• STUDY MATERIAL:
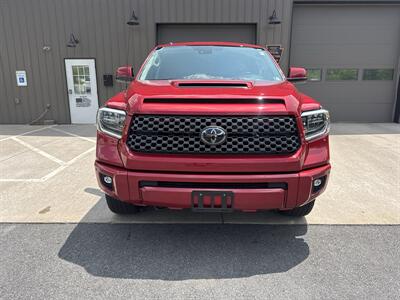 2018 Toyota Tundra SR5  Double Cab 4x4 - Photo 10 - Hesston, PA 16647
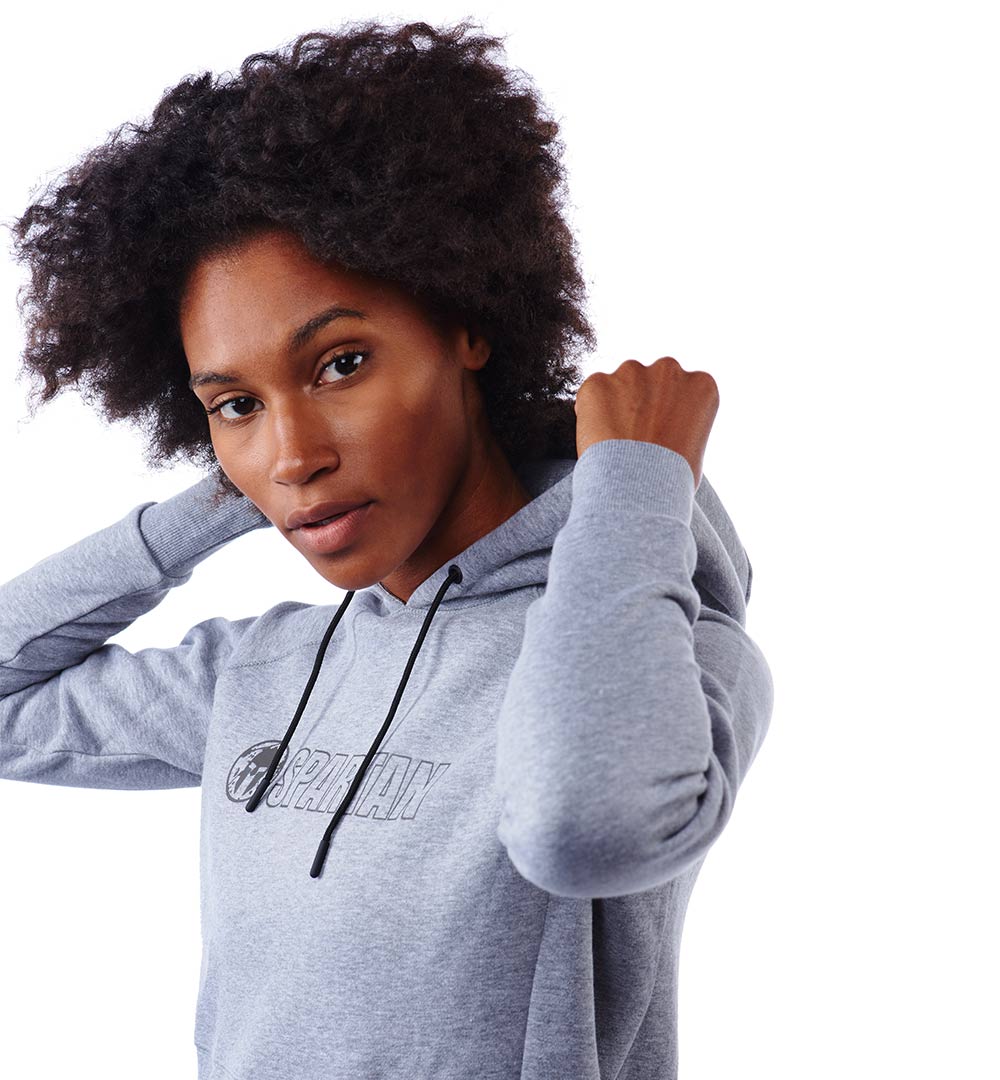 SPARTAN by CRAFT Poise Pullover Hoodie - Femmes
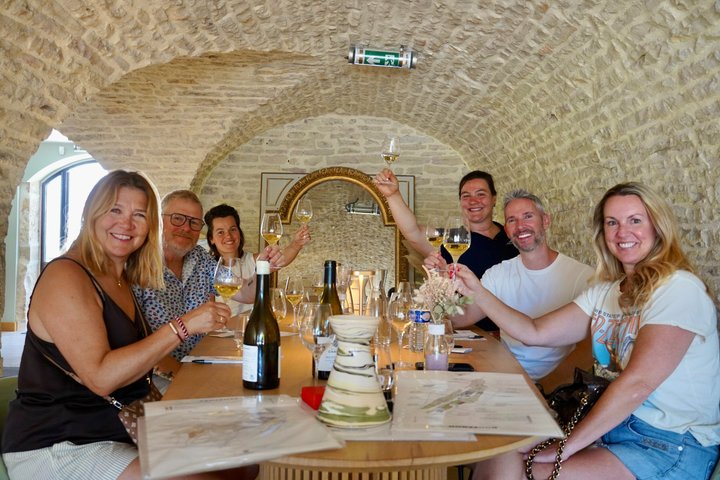 From Beaune: Full day the most of Burgundy, with lunch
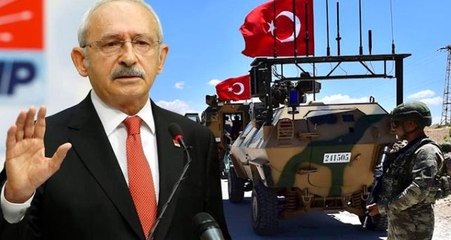 CHP'nin Fırat'ın doğusuna yönelik operasyon için tavrı netleşti
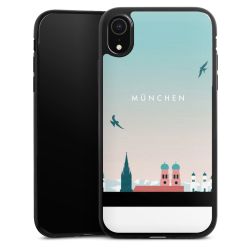 Silikoni Suojakuori Slim musta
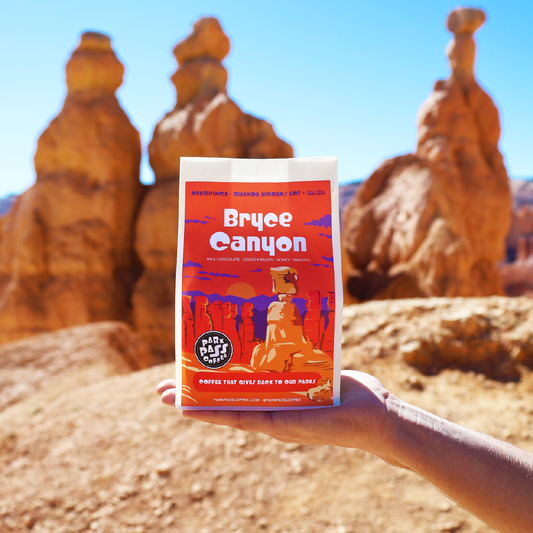 BRYCE CANYON - Sidamo: Ethiopia Washed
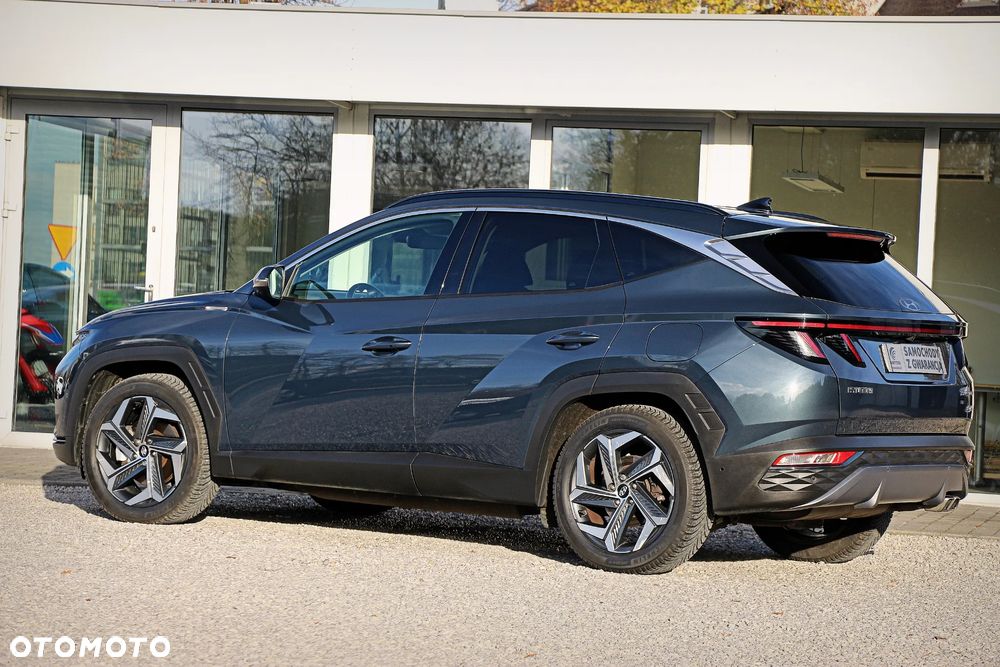 Hyundai Tucson 1.6 T-GDi PHEV Executive 4WD - 8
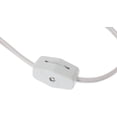 thumbnail image 4 of Westinghouse 28549 White Three Bulb Cord Miscellaneous Indoor Christmas Decor, 4 of 4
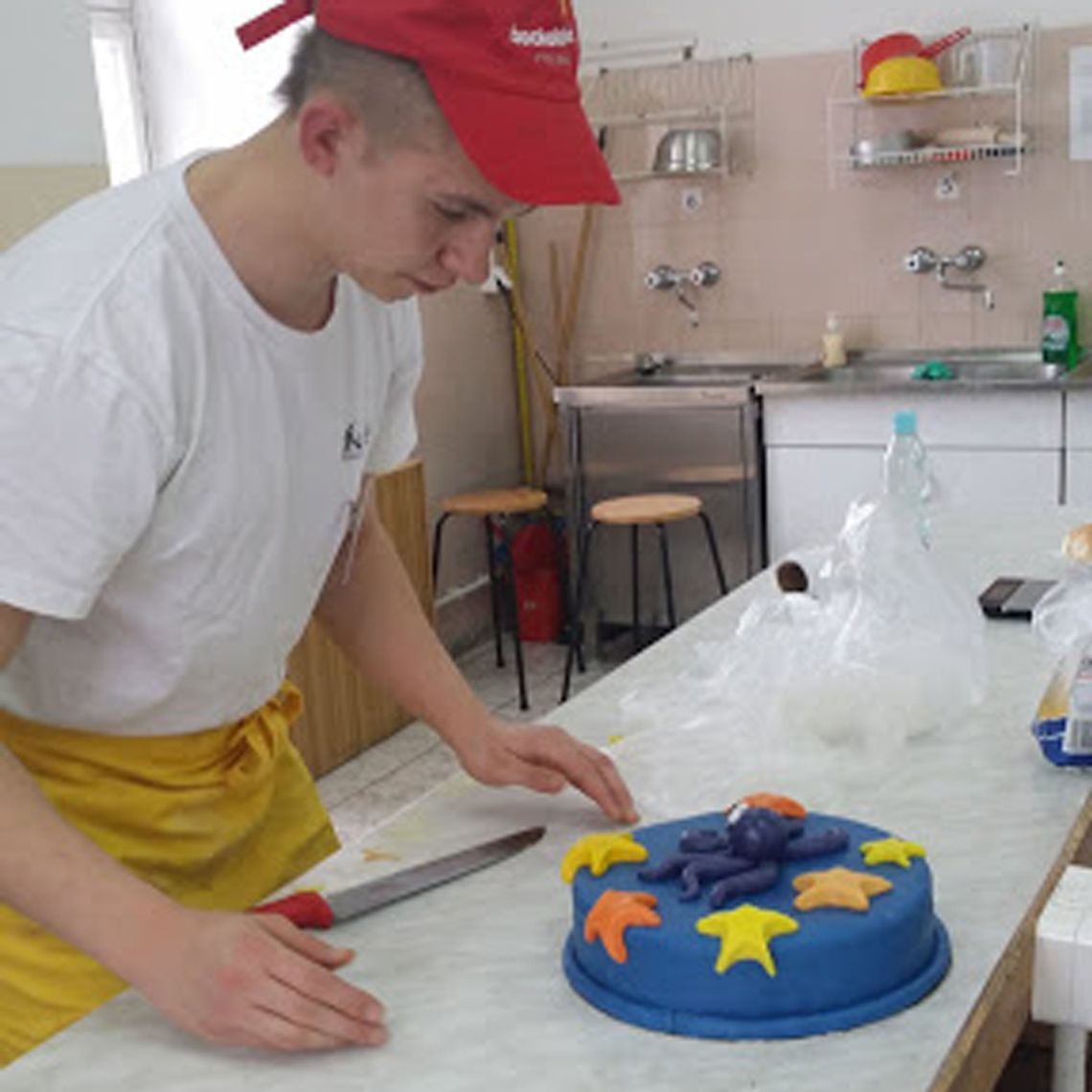 Słodkie zwycięstwo tczewskiego ucznia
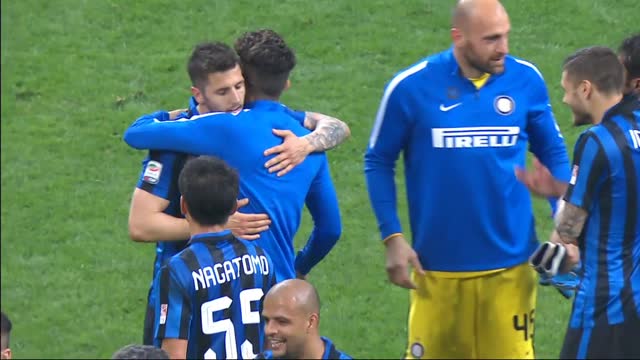 Inter, Mancini ha ritrovato i gol dei suoi attaccanti
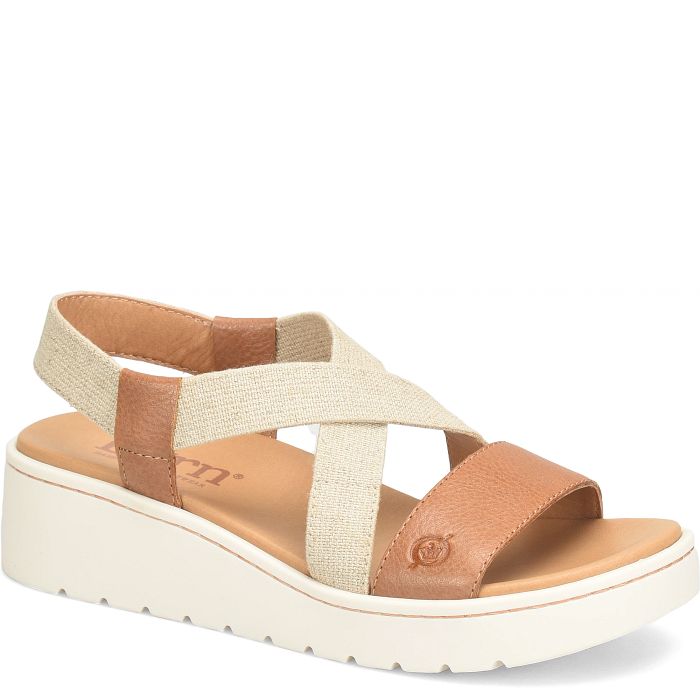 Born Women's Kasady - Tan Sand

• PROBLEM TO SOLVE:
The copy you return must match the records above exactly, minus any images.

• OUTPUT:
 2018 Toyota Tundra SR5  Double Cab 4x4 - Photo 10 - Hesston, PA 16647
 SPARTAN by CRAFT Poise Pullover Hoodie - Femmes
 From Beaune: Full day the most of Burgundy, with lunch
 CHP'nin Fırat'ın doğusuna yönelik operasyon için tavrı netleşti
 Silikoni Suojakuori Slim musta
 BRYCE CANYON - Sidamo: Ethiopia Washed
 Hyundai Tucson 1.6 T-GDi PHEV Executive 4WD - 8
 thumbnail image 4 of Westinghouse 28549 White Three Bulb Cord Miscellaneous Indoor Christmas Decor, 4 of 4
 Słodkie zwycięstwo tczewskiego ucznia
 Inter, Mancini ha ritrovato i gol dei suoi attaccanti
 Born Women's Kasady - Tan Sand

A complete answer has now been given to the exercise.